The Palazzo Colonna is located near the Piazza Venezia in the centre of Rome. The building has been owned by the same noble family for more than 900 years. The Galleria Colonna still houses part of the art collection established over the years by this Colonna family. The exhibition can only be visited on Saturday mornings.
Palazzo Colonna Rome
Address, opening hours and admission
Palazzo Colonna is located on Via della Pilotta 17, Rome (Tel: +39 066784350/362). Bus: 40, 60, 64, 70, 117, 170, H, N7, N8, N9, N15, N18. Opening Hours: The Galleria Colonna is open every Saturday morning from 9am to 1.15pm.
History and description
Part of the Palazzo Colonna dates from the beginning of the 15th century, when Martino V Colonna was pope.
The current appearance of the palace, however, is mainly due to a renovation carried out by Nicola Michetti in the year 1730.
The building is part of a large block of houses between the Piazza SS. Apostoli and the Via della Pilotta. From here, four viaducts across the street give access to the Villa Colonna.
The Palazzo itself is the seat of the Galleria Colonna, which was started by Cardinal Girolamo Colonna. Here one can admire works of great masters such as Veronese, Tintoretto and Guercino. The Galleria also offers an excellent view of the private gardens of the palace, which were built on the ruins of the Temple of Serapide.
The huge frescoes in the majestic hall illustrate the life of the ancestor Marcantonio Colonna II, with martial scenes from the Battle of Lepanto, where the Turkish fleet was defeated in 1571.
Military trophies and huge mirrors decorated with playing cherubs are everywhere, making the baroque interior look even more impressive. Marble tables and double rows of chandeliers made of Murano glass on the ceiling complete the picture.
Since the Colonna family still lives in the palazzo, tourists can only visit on Saturday mornings.

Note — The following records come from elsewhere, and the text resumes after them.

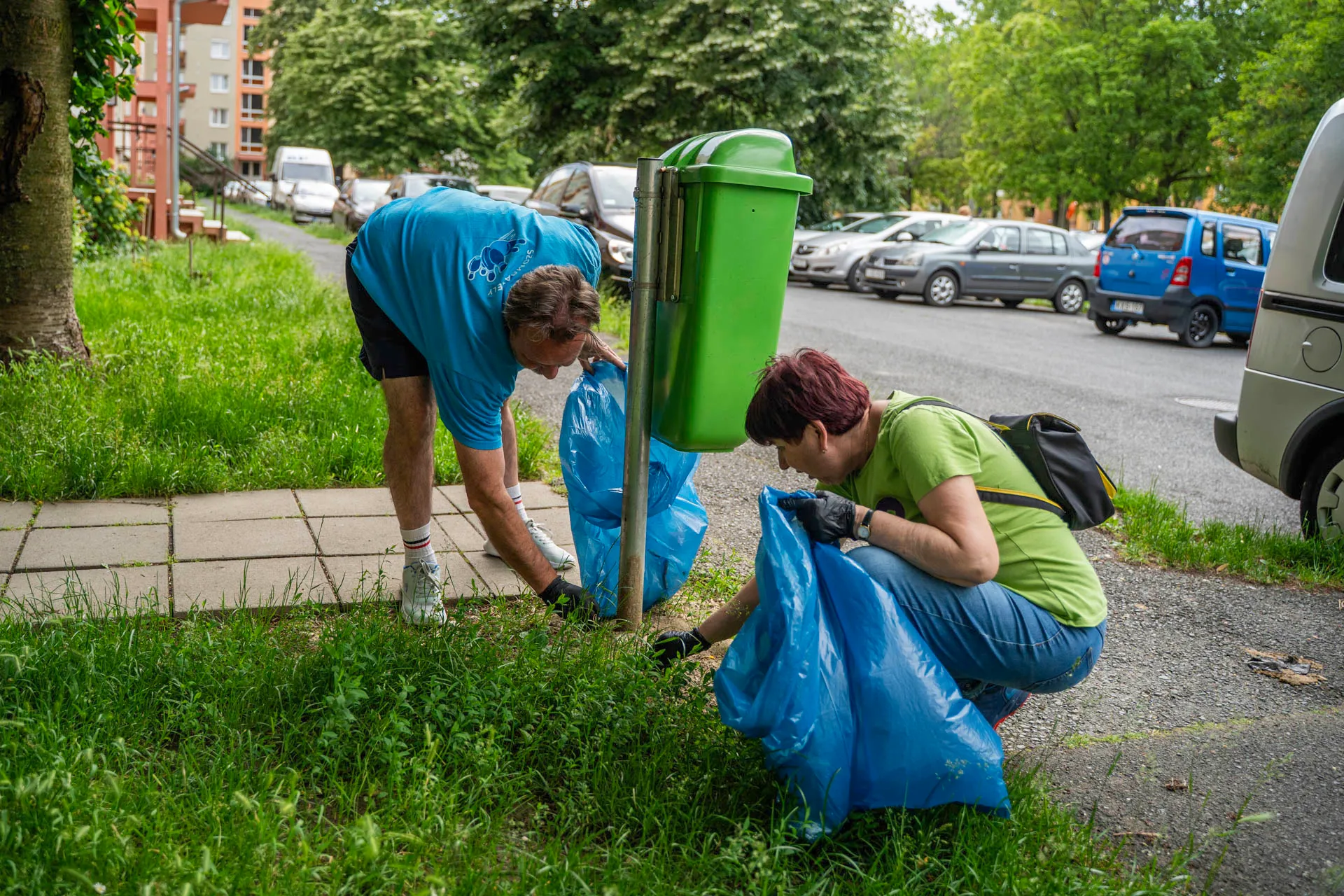 Szemétszedés a játszótéren — riport fotózás, Maczkó Fotó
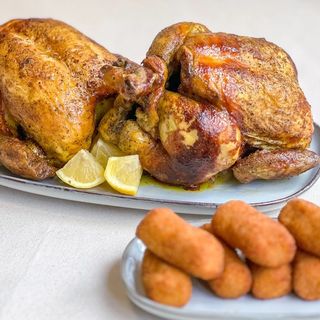 Oferta de 2 pollos, 8 croquetas de pollo regalo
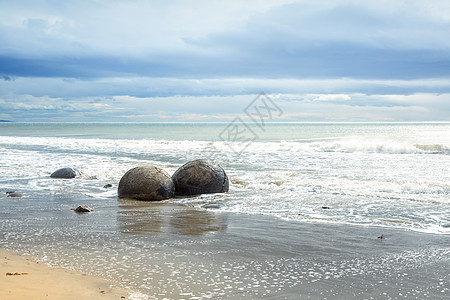 新西兰Moeraki海滩的巨石地平线岩石侵蚀地标波浪蓝色圆形石头海岸天空图片
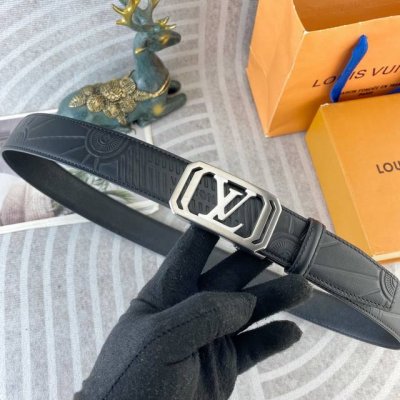 Lv 特种皮腰带自动带系列 ，原厂五金精品不锈钢扣，手感柔软舒适 宽3.5Cm。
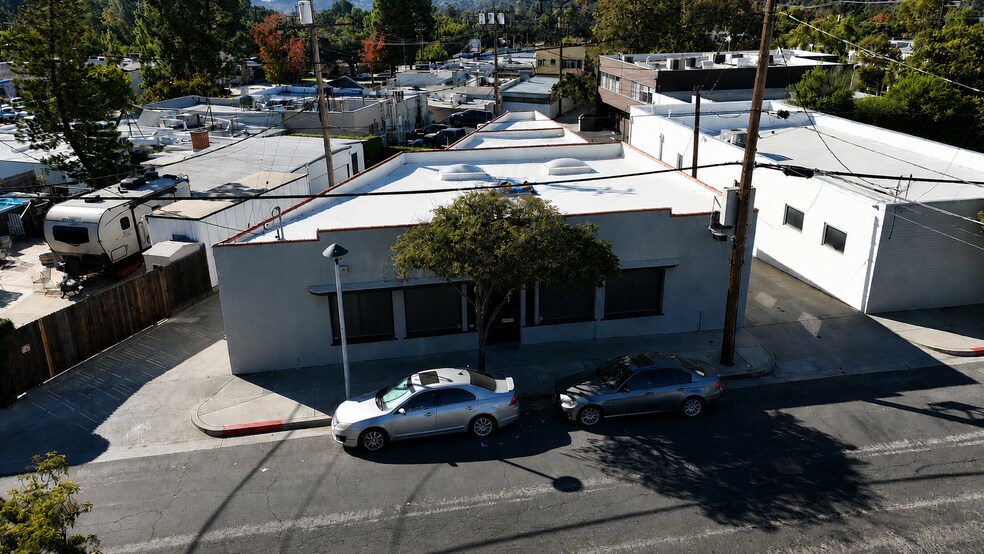More Photos Of 1810 Sunview Dr, Glendale Freestanding For Lease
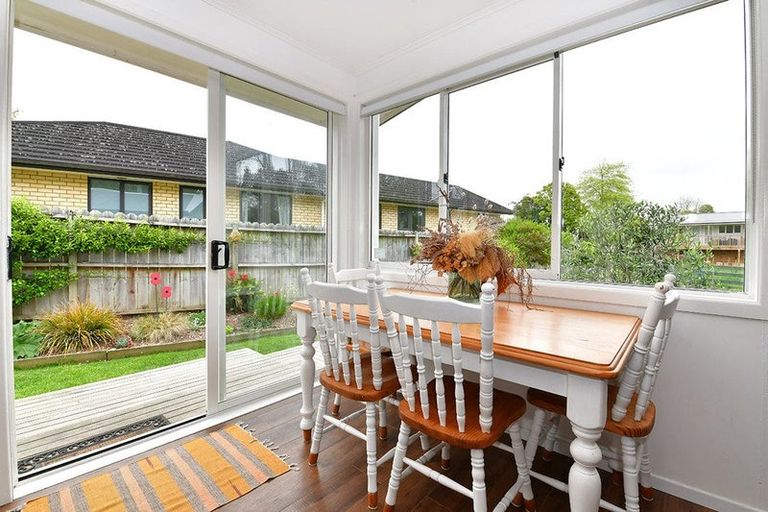 Photo of property in 136 Awaroa Road, Helensville, 0800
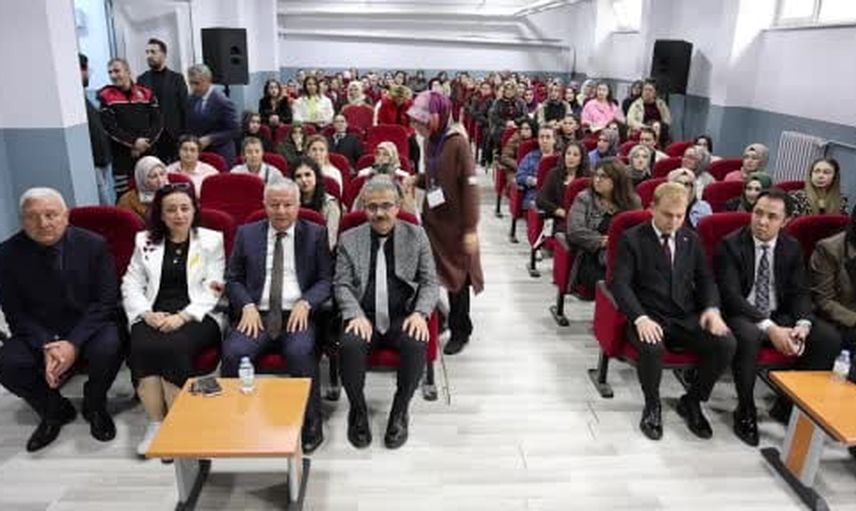 Velilere yönelik bağımlılık eğitimi: Madde mi? Mana mı? Bağımlılık mı?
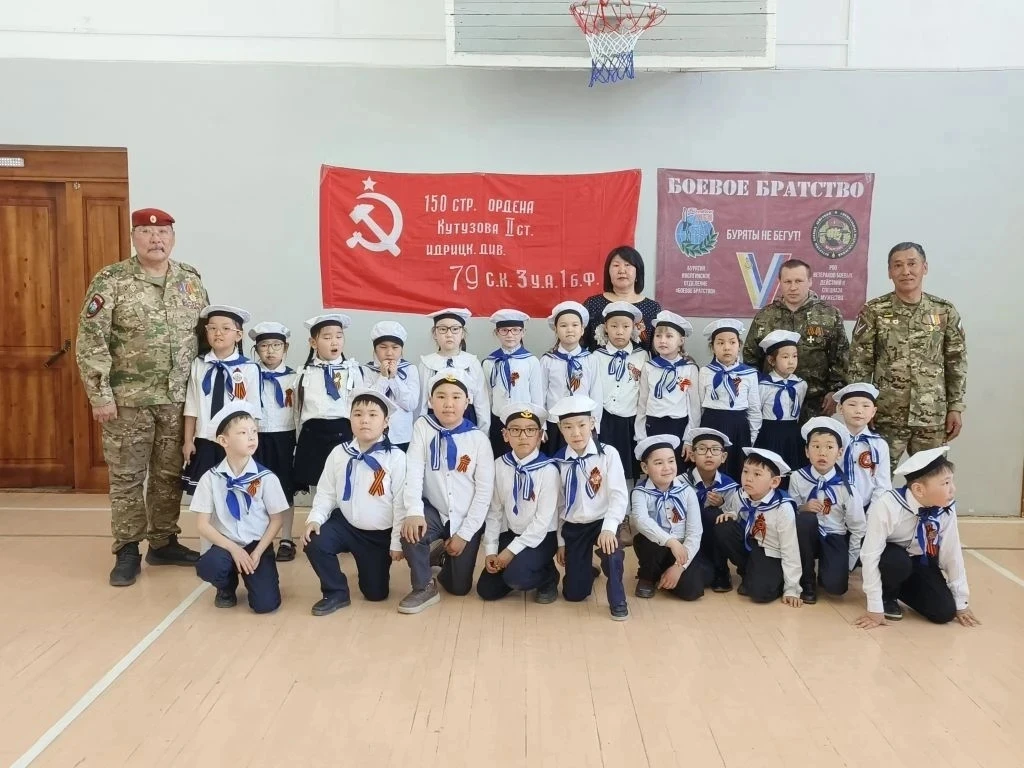 🎖️ Праздник мужества и памяти в нашей школе  В преддверии 9 Мая в нашей школе 7 и 8 мая прошёл торже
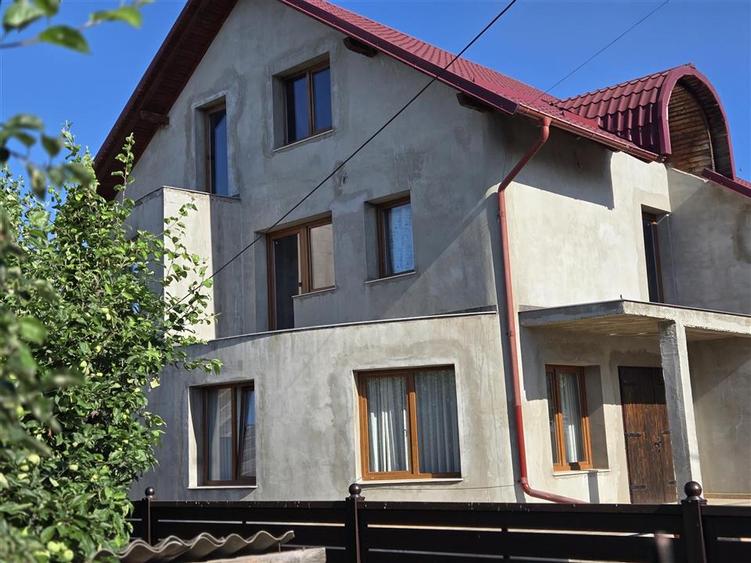 Casă individuală cu 5 camere cu Canalizare în Văratec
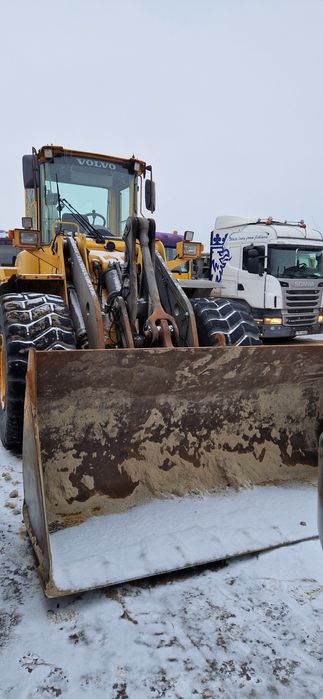 Ładowarka VOLVO L120E 2002r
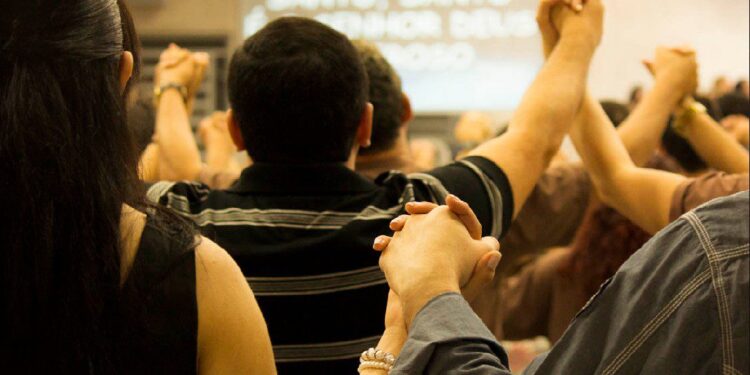 Estudo aponta aumento da fé em Deus em paralelo à apostasia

The Apartment of Princess Isabella Colonna
It is not part of the halls open on Saturday mornings, but Princess Isabelle’s apartment has been kept in its original state by the current Colonna princes. The family photos, as well as the 27 paintings by Vanvitelli and displayed in the room named after him, can be seen as they were positioned back in Princess Isabella’s own time. Vanvitelli, by the way, was a Dutchman whose real name was Gaspar van Wittel.